## Problem statement:
Reproduce exactly the line with "Now if you look" and every line that follows it below, up to and including the last one. Do not include pictures or anything else.

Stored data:

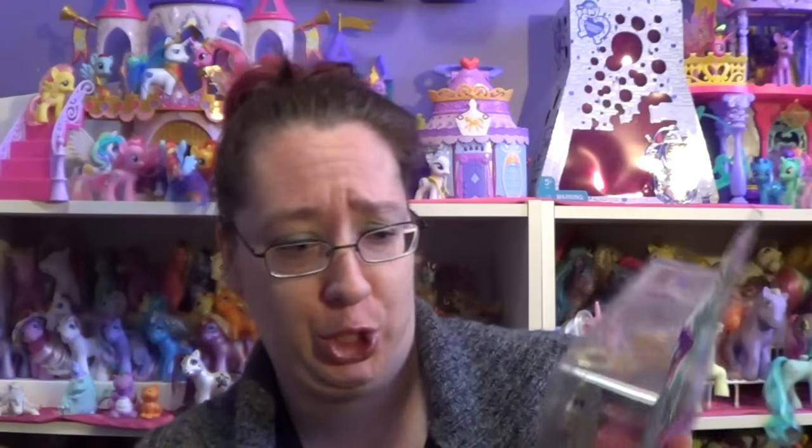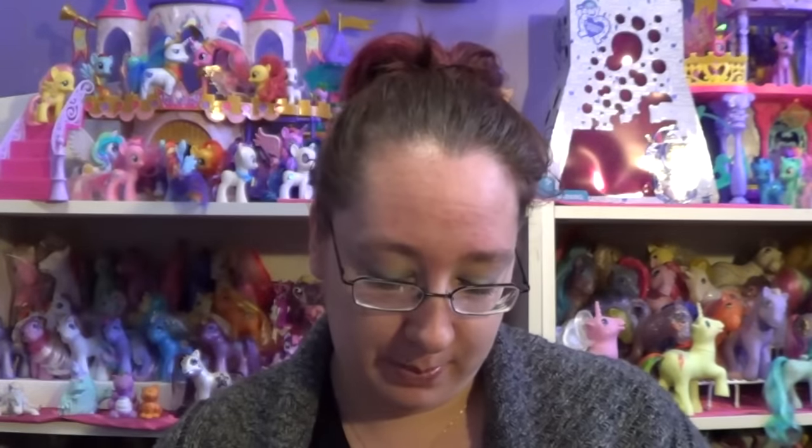Today I'm gonna be opening up some My Little Pony stuff. I've had this stuff for quite a while and I've just been slacking and not opening things up. So today we're gonna be opening up this here, which is the Super Speedy Squeezy 6000. It's got one of the brothers in it — I think it's Flim.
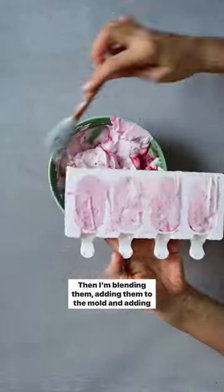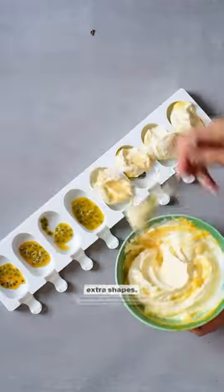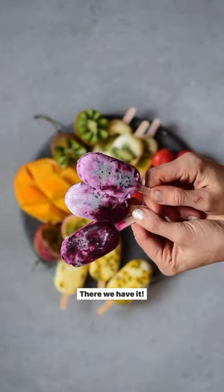Then I'm blending them, adding them to the mold, and adding extra shapes. This will be fun if you have children. Freezing them for a few hours and then enjoying them. There we have it!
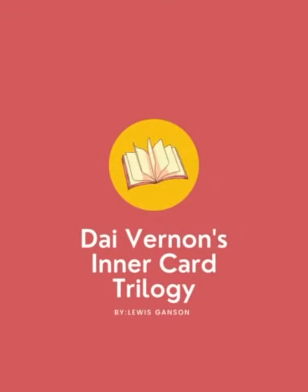I want to invite all of you to read the Die Vernon Inner Card Trilogy. Bye!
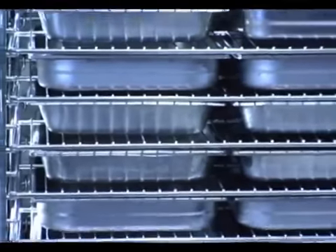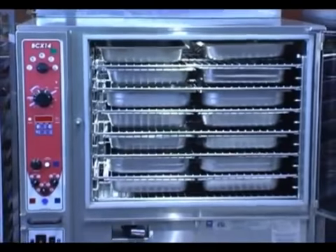Now if you look at the capacity of this BCX combi, when you stack two on top of one another, you have the capacity for 500 to 700 meals.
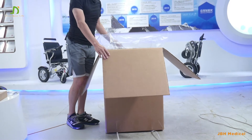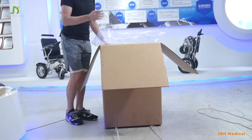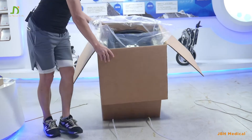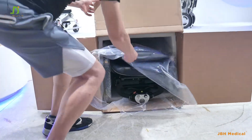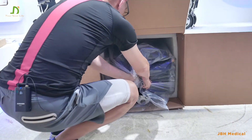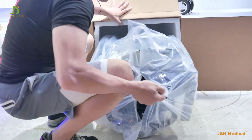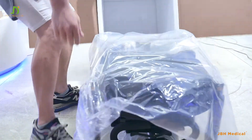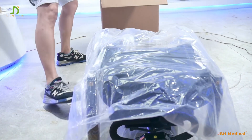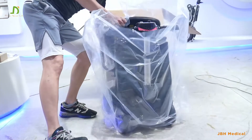Actually, we can have two people for opening the box, but right now I've got only one — it's also very easy. Let's put it down here, the plastic here, pull out the unit and make the unit right up here.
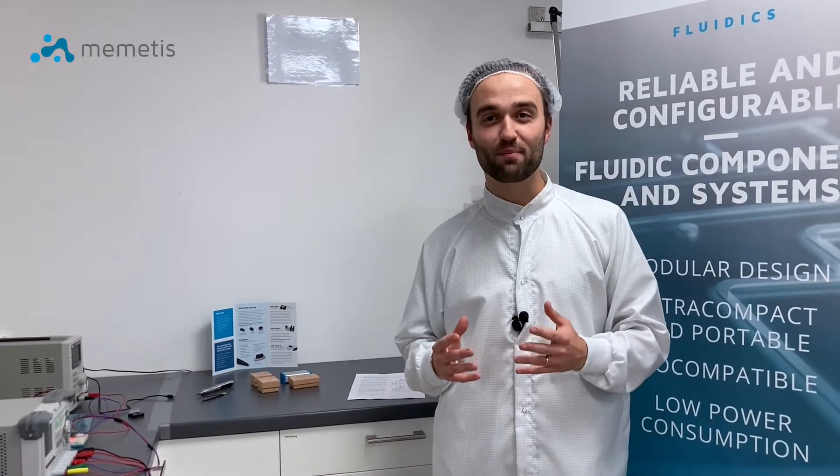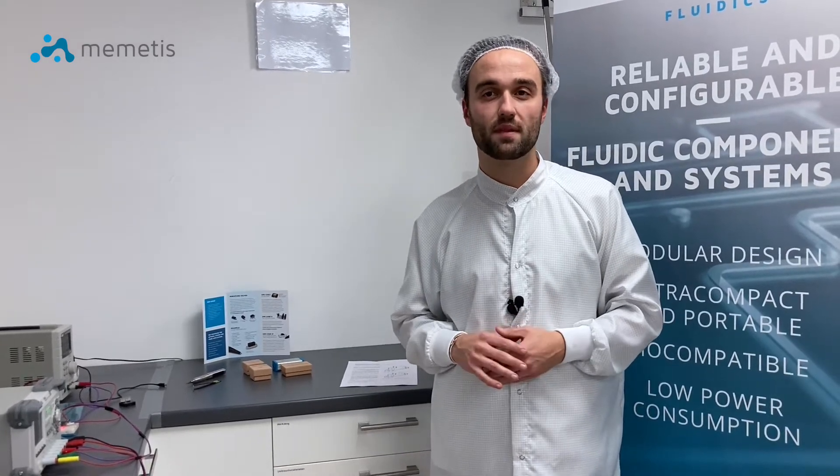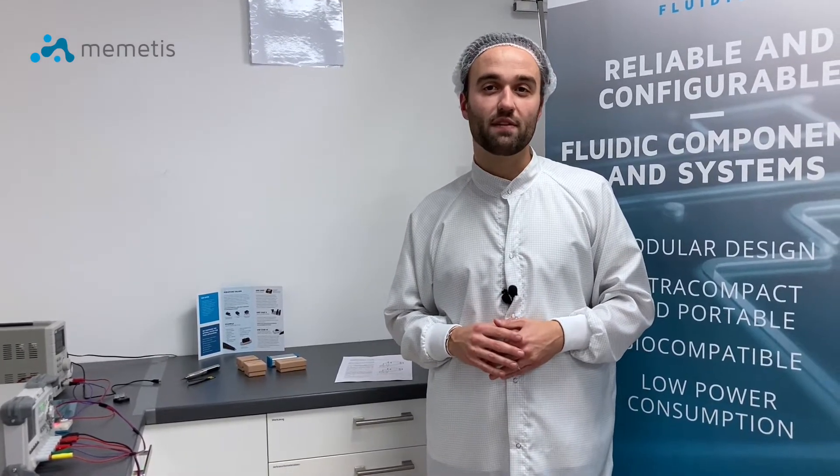Here at Memetis we develop miniature valves that enable smaller devices, for example in the areas of diagnostics or analytics for cell cultures and many others. In addition to saving weight and installation space, our valves are characterized by silent switching, a small internal volume and low power consumption.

## Completed task:
Now if you look at the capacity of this BCX combi, when you stack two on top of one another, you have the capacity for 500 to 700 meals.
Actually, we can have two people for opening the box, but right now I've got only one — it's also very easy. Let's put it down here, the plastic here, pull out the unit and make the unit right up here.
Here at Memetis we develop miniature valves that enable smaller devices, for example in the areas of diagnostics or analytics for cell cultures and many others. In addition to saving weight and installation space, our valves are characterized by silent switching, a small internal volume and low power consumption.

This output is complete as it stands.